Verify Router Service
$ kubectl get svc -n demo | grep router
mysql-ha-cluster-router ClusterIP 10.96.196.159 <none> 6446/TCP,6447/TCP,6450/TCP 63m
Test each port:
# Port 6446 (RW) → routes to PRIMARY
$ mysql -h mysql-ha-cluster-router -P 6446 -e "SELECT @@hostname;"
@@hostname
mysql-ha-cluster-0
# Port 6447 (RO) → routes to SECONDARY
$ mysql -h mysql-ha-cluster-router -P 6447 -e "SELECT @@hostname;"
@@hostname
mysql-ha-cluster-1
# Port 6450 (RW-Split) → round-robin across all members
$ mysql -h mysql-ha-cluster-router -P 6450 -e "SELECT @@hostname;"
@@hostname
mysql-ha-cluster-2
Sysbench via Router
All InnoDB Cluster chaos experiments use the Router service for load generation:
# Write load via RW port (6446)
kubectl exec -n demo $SBPOD -- sysbench oltp_write_only \
--mysql-host=mysql-ha-cluster-router.demo.svc.cluster.local \
--mysql-port=6446 --mysql-user=root --mysql-password="$PASS" \
--mysql-db=sbtest --tables=4 --table-size=50000 \
--threads=8 --time=60 --report-interval=10 run
# Read-write split load via RW-Split port (6450) — requires SSL
kubectl exec -n demo $SBPOD -- sysbench oltp_read_write \
--mysql-host=mysql-ha-cluster-router.demo.svc.cluster.local \
--mysql-port=6450 --mysql-user=root --mysql-password="$PASS" \
--mysql-db=sbtest --tables=4 --table-size=50000 \
--threads=8 --time=60 --report-interval=10 --mysql-ssl=REQUIRED run
Note: Port 6450 (RW-Split) requires
--mysql-ssl=REQUIREDbecause MySQL Router’sconnection_sharing=1withcaching_sha2_passwordneeds a secure connection. Ports 6446 and 6447 do not require this.
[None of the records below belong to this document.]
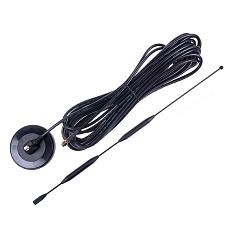 Antenna GSM/UMTS/LTE Magnet Mount 90, SMA(m) Cable Straight, Cable .195/10m
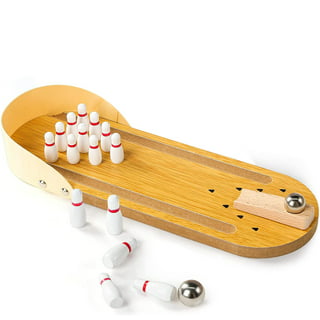Tabletop Mini Bowling Game Set,funny White Elephant Gifts For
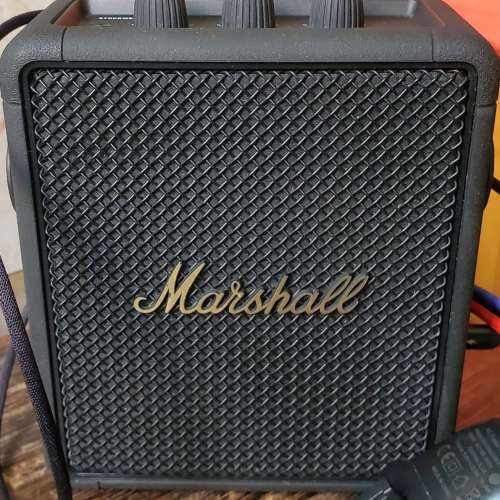 經典手提 Marshall stockwell ii 90％ new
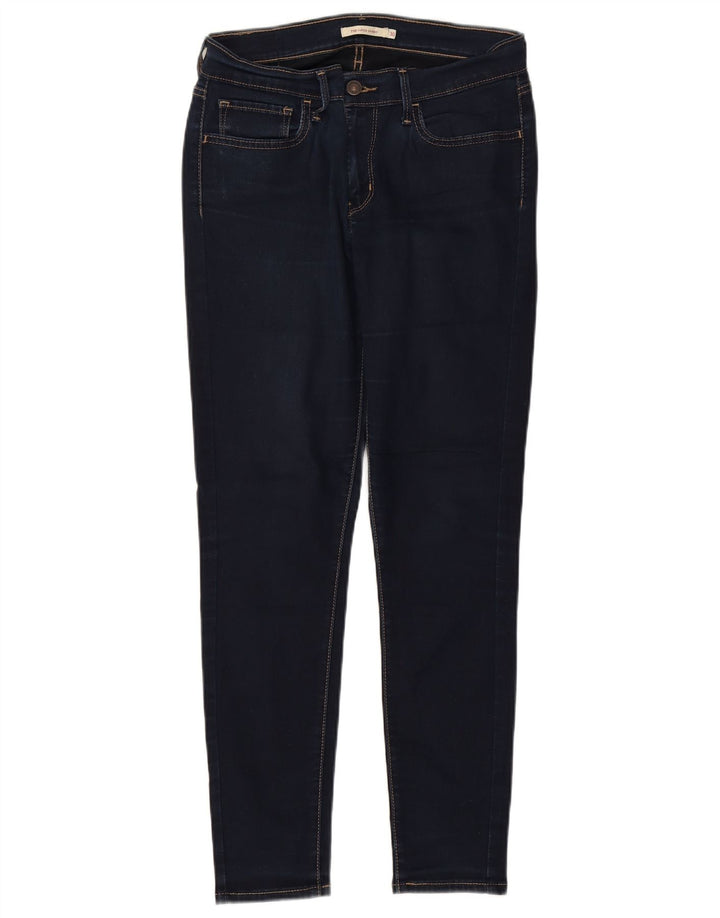 LEVI'S Γυναικείο 710 Super Skinny Jeans W30 L28 Navy Blue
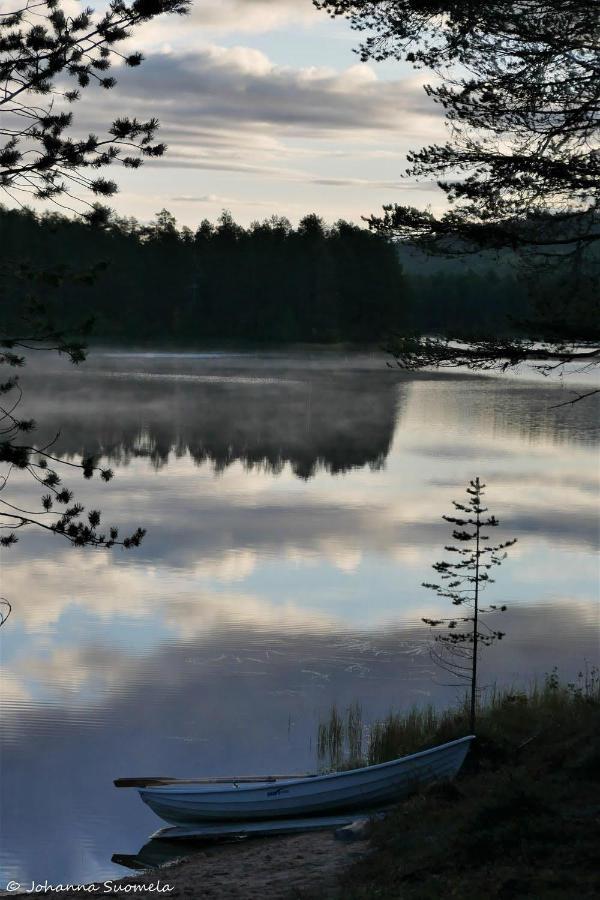 Villa Konttaisenranta 鲁卡 外观 照片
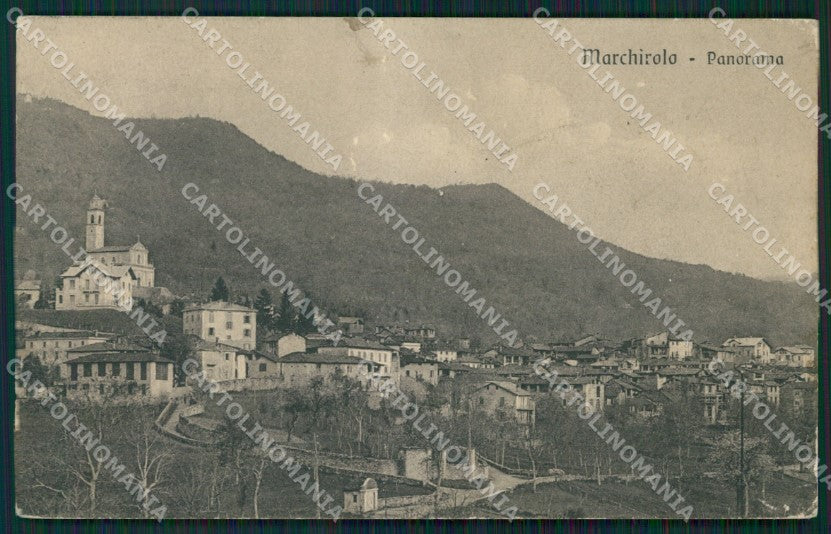Varese Marchirolo cartolina QK9709 – fronte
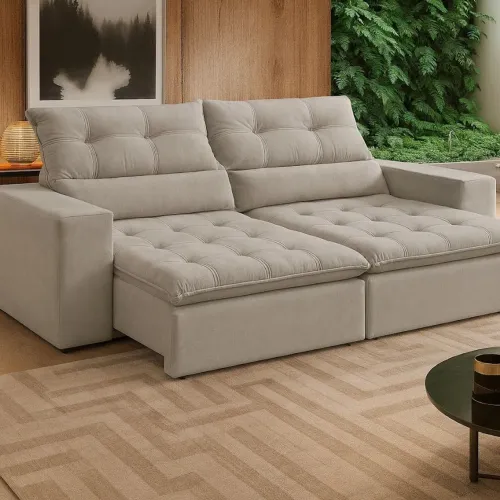 Sofa ilheus 2.1m trop levo hoje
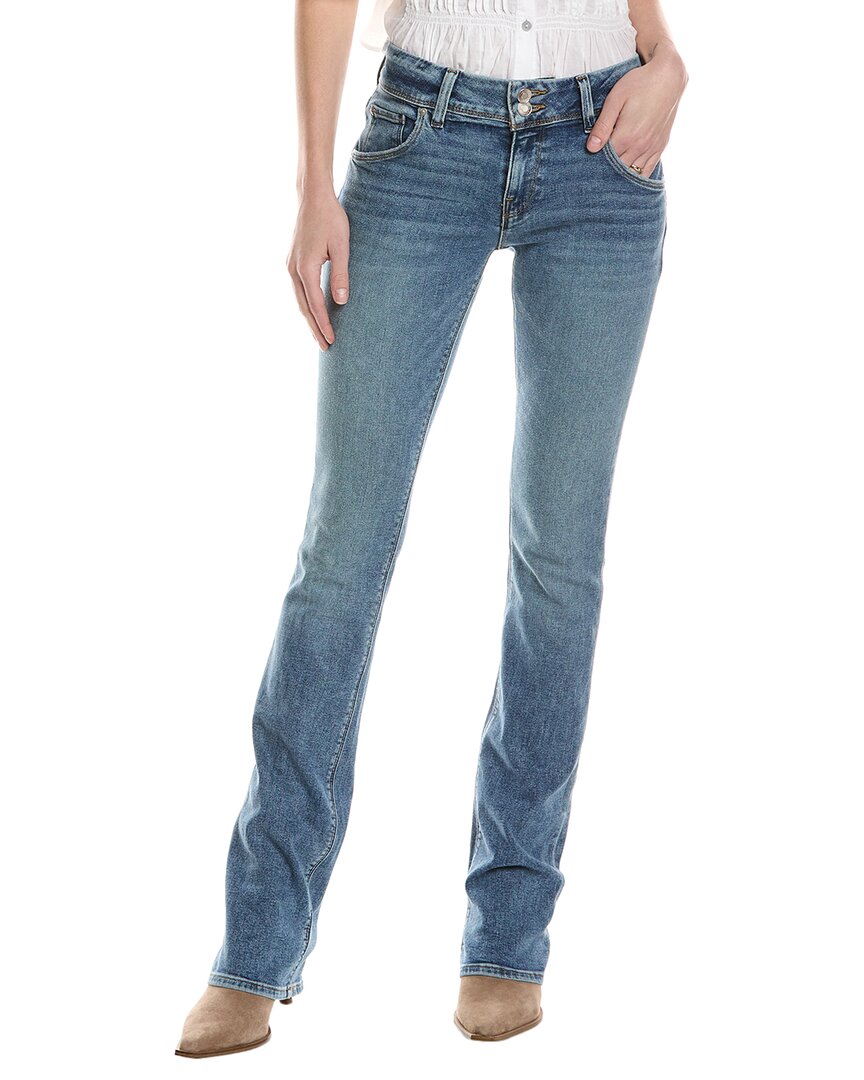Hudson Jeans Beth Mid-rise Golden Baby Boot Jean In Blue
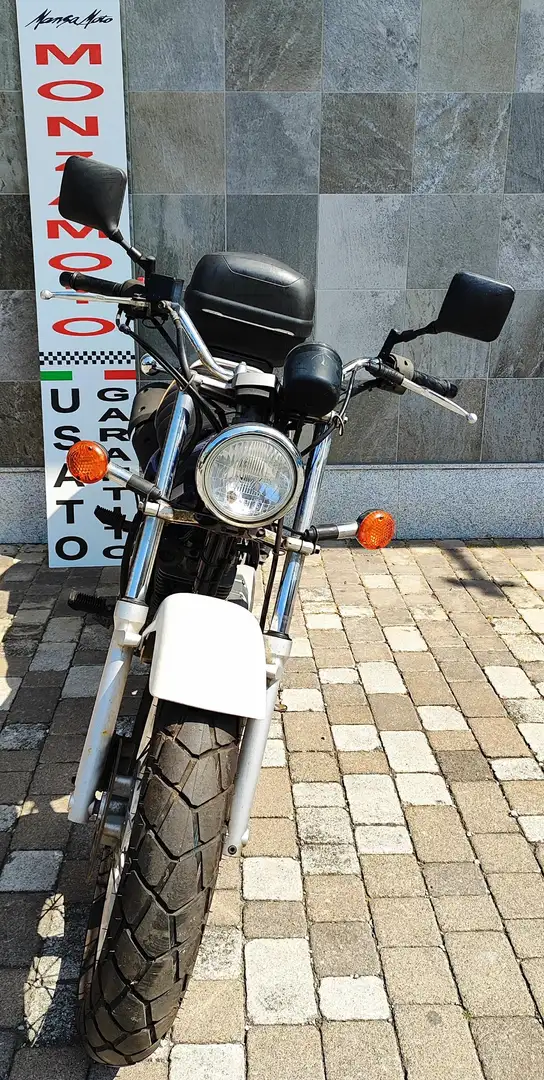 Suzuki VanVan 125 Kék - 2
InnoDB Cluster Results Summary
| # | Experiment | Failover | Router Re-route | Data Loss | GTIDs | Checksums | Verdict |
|---|---|---|---|---|---|---|---|
| 1 | Pod Kill Primary | Yes | Auto | Zero | MATCH | MATCH | PASS |
| 2 | OOMKill Primary (1200MB stress) | Yes (OOMKill) | Auto | Zero | MATCH | MATCH | PASS |
| 3 | Network Partition (2 min) | Yes | Auto | Zero | MATCH | MATCH | PASS |
| 4 | IO Latency (100ms) | No | N/A | Zero | MATCH | MATCH | PASS |
| 5 | Network Latency (1s) | No | N/A | Zero | MATCH | MATCH | PASS |
| 6 | CPU Stress (98%) | No | N/A | Zero | MATCH | MATCH | PASS |
| 7 | Packet Loss (30%) | No | N/A | Zero | MATCH | MATCH | PASS |
| 8 | Full Cluster Kill | Yes | Auto | Zero | MATCH | MATCH | PASS |
| 9 | Double Primary Kill | Yes (x2) | Auto (x2) | Zero | MATCH | MATCH | PASS |
| 10 | Rolling Restart (0→1→2) | Yes | Auto | Zero | MATCH | MATCH | PASS |
| 11 | DNS Failure on Primary | No | N/A | Zero | MATCH | MATCH | PASS |
| 12 | Clock Skew (-5 min) | No | N/A | Zero | MATCH | MATCH | PASS |
All 12 experiments passed with zero data loss.
InnoDB Chaos#1: Kill the Primary Pod
apiVersion: chaos-mesh.org/v1alpha1
kind: PodChaos
metadata:
name: mysql-primary-pod-kill
namespace: chaos-mesh
spec:
action: pod-kill
mode: one
selector:
namespaces: [demo]
labelSelectors:
"app.kubernetes.io/instance": "mysql-ha-cluster"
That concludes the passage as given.